Places associated with Agatha Christie
Agatha Christie and her husband are buried at St. Mary's Church, Cholsey, Oxfordshire.

In a sense, Christie is buried in deepest Miss Marple territory. Even the church name evokes St. Mary Mead, the town associated with Miss Marple. It is where she attended church.
A mile or two north of Cholsey is the town of Wallingford, where the Christies had their main house, Winterbrook House, from 1934 until her death in 1976. It is still a private house - shown below. The River Thames is behind the camera, across a field.

Neither Wallingford nor Cholsey feels like St. Mary Mead.
Greenway House in Devon is 30 minutes drive from Torquay on the River Dart estuary and it was the Christies' holiday home. It is open to the public. It inspired a number of her mysteries, including Five Little Pigs and Dead Man's Folly.

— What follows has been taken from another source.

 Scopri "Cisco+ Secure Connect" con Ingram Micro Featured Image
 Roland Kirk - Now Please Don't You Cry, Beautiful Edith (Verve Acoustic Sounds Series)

Christie was born in Torquay, which may account for why Christie and her husband Max Mallowan bought the house in 1938. She still owned her original family house Ashfield which is actually in Torquay, but she sold it in 1940 and in 1962 it was demolished.
The Christies also owned 6 houses in London, mostly as investments (she became very rich in the 1930's). She did live at 58 Sheffield Terrace in Holland Park/Kensington from 1934 to 1941, where she wrote 16 novels, including Death on the Nile and Murder in Mesopotamia.